OGH8Ob569/8927.4.1989

Der Oberste Gerichtshof hat durch den Senatspräsidenten des Obersten Gerichtshofes Hon.Prof. Dr. Griehsler als Vorsitzenden und durch die Hofräte des Obersten Gerichtshofes Dr. Kropfitsch, Dr. Huber, Dr. Schwarz und Dr. Graf als weitere Richter in der Rechtssache der klagenden und gefährdeten Partei Aloisia S***, Hausfrau, 5761 Maria Alm, Dorf Nr. 148, vertreten durch Dr. Leopold Hirsch, Rechtsanwalt in Salzburg, wider die Beklagte und Gegnerin der gefährdeten Partei Maria P***, Pensionistin, 5020 Salzburg, Kleßheimer-Allee 98, vertreten durch Dr. Johann Quendler, Rechtsanwalt in Klagenfurt, wegen S 500.000,-- s.A., infolge Revisionsrekurses der Gegnerin der gefährdeten Partei gegen den Beschluß des Oberlandesgerichtes Linz als Rekursgerichtes vom 7. Februar 1989, GZ 5 R 8/89-12, womit der Beschluß des Landesgerichtes Salzburg vom 29. November 1988, GZ 13 Cg 401/88-7, abgeändert wurde, folgenden

Beschluß

gefaßt:

 

Spruch:

Dem Revisionsrekurs wird nicht Folge gegeben.

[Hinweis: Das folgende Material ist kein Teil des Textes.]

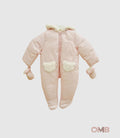 Tutone NANAN neonato 517 Rosa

Die Parteien haben die Kosten des Revisionsrekursverfahrens selbst zu tragen; die gefährdete Partei nur vorläufig, ihre Gegnerin jedoch endgültig.

Text

Begründung

Mit Beschluß des Bezirksgerichtes Salzburg vom 22. Oktober 1987, 1 A 284/87-11, wurde der Klägerin und gefährdeten Partei (im folgenden "Klägerin" genannt) der Nachlaß des am 13. Mai 1987 ohne Hinterlassung einer letztwilligen Verfügung verstorbenen Pensionisten Franz F***, des Lebensgefährten der Beklagten und Gegnerin der gefährdeten Partei (im folgenden "Beklagte" genannt), auf Grund des Gesetzes zur Gänze eingeantwortet. Mit der Behauptung, die Beklagte habe aus der Verlassenschaft nach Franz F*** ein Sparbuch des Verstorbenen mit einem Guthabensstand am Todestag von S 801.921,56 entwendet, das Guthaben realisiert und den Geldbetrag für sich verwendet, begehrt die Klägerin die Verurteilung der Beklagten zur Zahlung von S 500.000,-- s. A.

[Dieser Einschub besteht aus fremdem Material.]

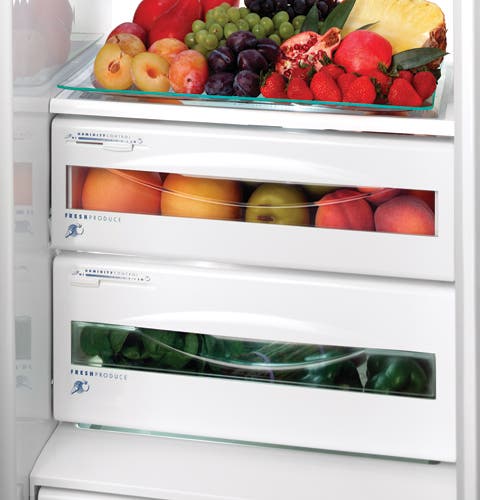 GE PSB42LGRWV White Trim and Dispenser; Requires Custom Panels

Mit ihrer Klage verband sie den Antrag, mit einstweiliger Verfügung die Verwahrung der beweglichen körperlichen Sachen der Beklagten in den von ihr bewohnten Räumlichkeiten oder sonst wo, insbesondere der im § 298 a EO angeführten Papiere und Einlagebücher durch gerichtlichen Erlag anzuordnen, der Beklagten die Veräußerung oder Verpfändung der beweglichen Sachen zu verbieten, und ein Drittverbot hinsichtlich einer Forderung der Beklagten auf Darlehensrückzahlung von S 50.000,-- s.A. gegen Robert P*** zu erlassen. Zur Gefährdung ihres Anspruches brachte sie vor, daß die Beklagte in dem gegen sie eingeleiteten Strafverfahren über den Verbleib eines Betrages von S 476.000,-- jegliche Auskunft verweigert habe. Auf Grund dieser Verheimlichung sei wahrscheinlich, daß die Beklagte ohne Erlassung einer einstweiligen Verfügung die Hereinbringung der Geldforderung der Klägerin vereiteln oder erheblich erschweren werde.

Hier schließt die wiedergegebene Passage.